The Smith & Wesson company first began assigning model numbers in 1957. The S&W model 34 was introduced in 1935 and was known back then as the 22/32 kit gun because it utilized the small I frame of the 32 Hand Ejector model. The revolver was changed to a J frame and given the Model 34 name designation in 1953. Seen here with a 2 inch barrel which first became an option in 1957, this revolver model was also offered in a 4 inch barrel version. Other options included a round or square butt and a nickel or blue finish. Between 1955 and 1974, a version of this revolver was offered with an aluminum frame and cylinder that had a 3 1/2 inch barrel and weighed 14 1/2 ounces. Sadly, the Model 34 was officially discontinued in 1994.

The Model 34 is about as close as you can get to rimfire revolver perfection. This model was called the kit gun not because it came as parts to be assembled, but rather it was meant to be included with in the fishing, camping, hiking, hunting and general outdoor kit. These small frame revolvers have gone many a mile with with the outdoor adventurers.

 

The history of the Smith & Wesson company began in 1852 when Horace Smith and Daniel B. Wesson formed the Volcanic Repeating Arms Company. to manufacture a lever action pistol called the Volcanic pistol. A short while later the company came under financial difficulties and was sold to Oliver Winchester who at the time was a shirt manufacturer. In 1866, using the original lever action design created by Smith & Wesson, Winchester’s company emerged as the famous Winchester Repeating Arms Company.

In 1856 Smith & Wesson formed a second partnership to produce a small revolver designed to fire the rimfire cartridge that they had patented in August of 1854. This revolver became the first successful fully self-contained cartridge revolver available in the world. Smith & Wesson secured the patents for the revolver which legally prevented other manufacturers from copying it. That patent along with the Civil war gave the young company a very lucrative business. The partners realized that the patent rights would not last forever so they went back to the drawing board and designed the Model 3 American in 1869. The Model 3 revolver was the first large caliber cartridge revolver and the success of this firearm established S&W as a leader in handgun manufacturing. The two most important customers for the new revolver were the United States Cavalry, which purchased 1,000 units for use on the Western Frontier, and the Russian Imperial Government that purchased 20,000 revolvers and paid S&W in advance with gold.

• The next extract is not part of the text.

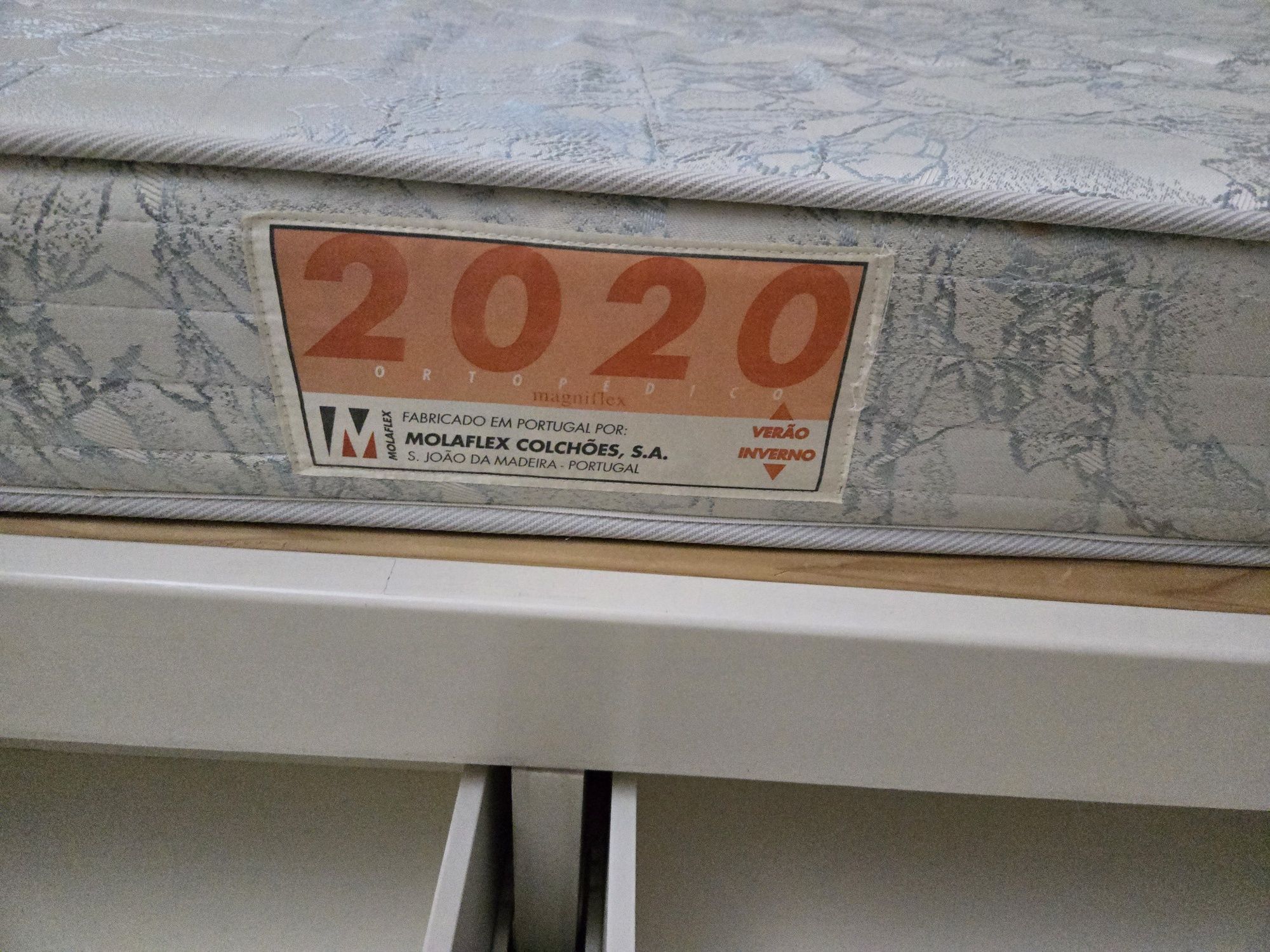 Cama corpo e meio com colchão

Horace Smith retired from the company at the age of 65 and sold all of his shares to  Douglas B. Wesson in 1875. The company went on to introduced a number of hammerless revolvers in the late 1800's that are still being manufactured today. S&W then introduced the Model 10 or as it was know then, the .38 Military & Police revolver which has been in continued production ever since. The Model 10 has been used by just about every police agency or military force in the world. In 1935 they came out with the worlds first magnum revolver.  In 1955 the Model 39 was introduced which was the first American made double action auto-loading pistol.  In 1955, the Model 29 which was chambered in .44 magnum was introduced. You might recall this revolver from the movie "Dirty Harry" with the actor Clint Eastwood. In 1965 the Model 60 was introduced that was the world’s first stainless steel revolver.

In 1964, the company passed from the Wesson family control, and subsequently several conglomerates took control of it. Then from 1987 to 2001 a British company, Tomkins PLC, purchased Smith & Wesson for 112 million U.S. dollars.

In March of 2000, Smith & Wesson signed an agreement with the Clinton Administration. The company agreed to numerous safety and design standards, as well as limits on the sale and distribution of their firearms. Numerous gun rights groups and individuals whom were already angry with such things as the assault weapons ban, responded to this agreement by initiating large scale boycotts of Smith & Wesson products.

On May 11, 2001, Saf-T-Hammer Corporation acquired Smith & Wesson from Tomkins PLC for $15 million U.S. dollars, plus took on the $30 million dollar debt that had accumulated for a total purchase price of $45 million U.S. dollars. This was a fraction when compared to the $112 million originally paid by Tomkins PLC. 

Saf-T-Hammer purchased the company with the intention of incorporating its line of security products into all Smith & Wesson firearms in compliance with the 2000 agreement. The acquisition of Smith & Wesson was chiefly brokered by Saf-T-Hammer President Bob Scott, who had left Smith & Wesson in 1999 because of a disagreement with Tomkins’ policies. After the purchase, Scott became the president of Smith & Wesson to guide the 157-year-old company back to its former standing in the market. On February 15, 2002, the name of the newly formed entity between S&W and Saf-T-Hammer was called Smith & Wesson Holding Corporation.    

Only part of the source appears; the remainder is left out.